# icq2go unter linux



## ByeBye 46085 (6. Mai 2004)

hallo zusammen, 

da die meisten nicht offizielen ICQ-Clients die Kontakte Local speichern würde ich gerne icq2go nutzen.

Aber mit Konqueroro ladet er das Applet ewiglang und mit Opera startet nicht einmal das Popup. Wenn ich den Link des Popups von Konqueror in Opera Exportiere kann ich nie das Passwort eingegeben (ist immer falsch). Wie kriege ich Java unter Konqueror zu laufen? Welche Datei muss ich angeben? jvm.cfg? Und was is mit Opera? Java sei installiert und JS ist aktiviert.

g chief


----------



## Daniel Bernhardt (7. Mai 2004)

Das beantwortet nicht deine Frage aber Gaim speichert die Kontaktlisten auf dem ICQ Server und kann sie von dort auch wieder auslesen.


----------



## ByeBye 46085 (7. Mai 2004)

Es beantwortet sie wenigstens teils. In client mit Server zugriff ist sicherlich besser als ICQ2GO. 

Wie stehts mit JS?


----------



## ByeBye 46085 (7. Mai 2004)

Wie geht das mit Gaim? Habe mich eingelogt und die Liste ist leer. Wo sind meine Kontate vom ICQ?


----------



## Neurodeamon (7. Mai 2004)

Ich weiß nicht was Du für ein seltsames system hast, aber das passiert normalerweise automatisch *g*

welche Gaim-Version hast du?


----------



## ByeBye 46085 (8. Mai 2004)

Hallo, ich habe gaim 0.75 auf Mandrake 10.0. Die neuere Version 0.77 int es noch nicht für Mandrake 10.0 und die für Mandrake 9.2 lässt sich nicht installieren.
Gibt es vieleicht verschiedene ICQ Server?

g chief


----------



## Daniel Bernhardt (9. Mai 2004)

Der ICQ Server hat die Adresse login.oscar.aol.com und nimmt Anfragen auf Port 5190 entgegen. 

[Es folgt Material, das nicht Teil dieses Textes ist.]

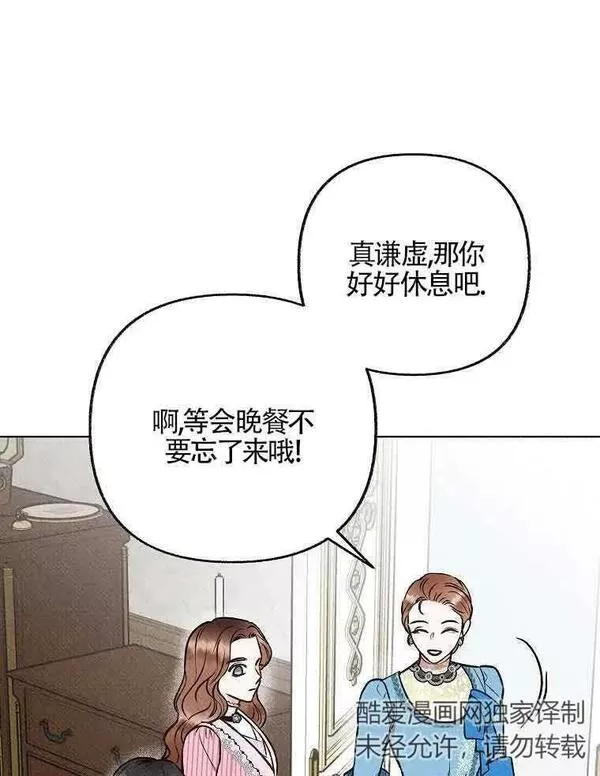 致我那无礼的多重人格者漫画,第06话65图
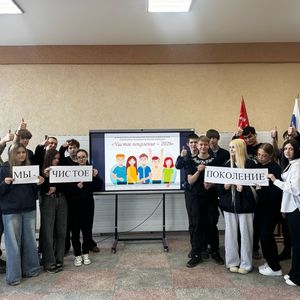 ФЛЕШМОБ ПРОТИВ НАРКОМАНИИ: МЫ ВЫБИРАЕМ ЖИЗНЬ БЕЗ НАРКОТИКОВ!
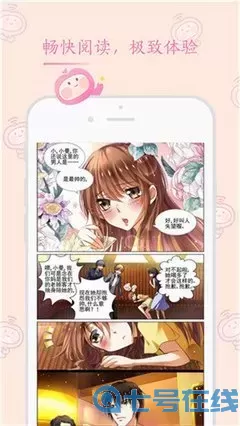 艳艳漫画官网版最新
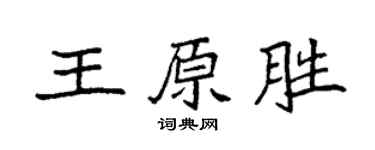 袁强王原胜楷书个性签名怎么写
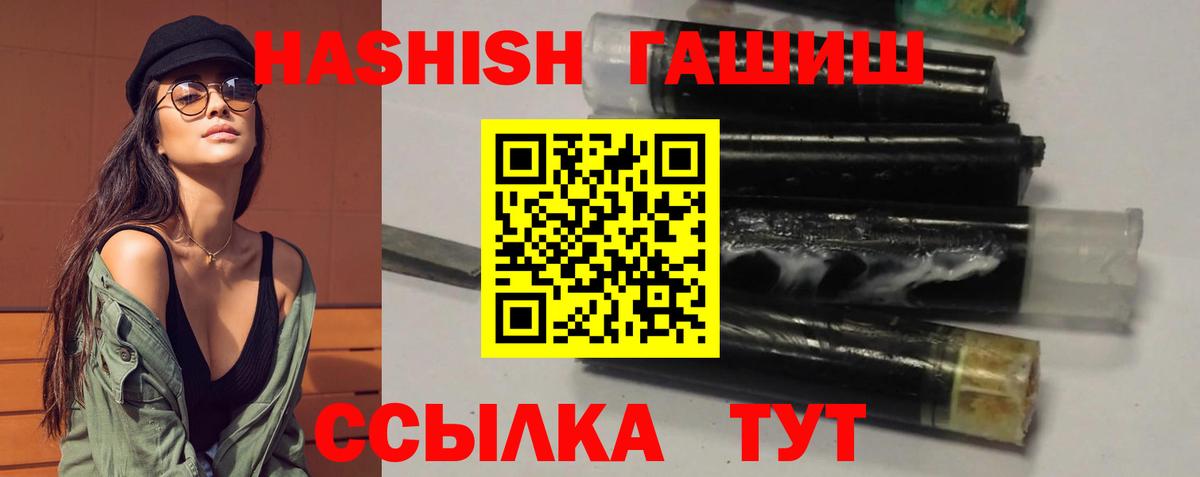 ГАШ hashish  Гашиш  Кудымкар  ГАШ убойный  Вход с VPN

Sobald Gaim eine Verbindung mit diesem Server hergestellt hat, wird deine Kontaktliste automatisch heruntergeladen.


----------



## ByeBye 46085 (9. Mai 2004)

*Jetzt funkts*

Sorry, liegt halt doch meistens am können des Users   aber jetzt funktionierts super.

THX @all


----------



## JohannesR (9. Mai 2004)

PEBKAC


----------



## Thorsten Ball (9. Mai 2004)

Und sowieso: CenterICQ


----------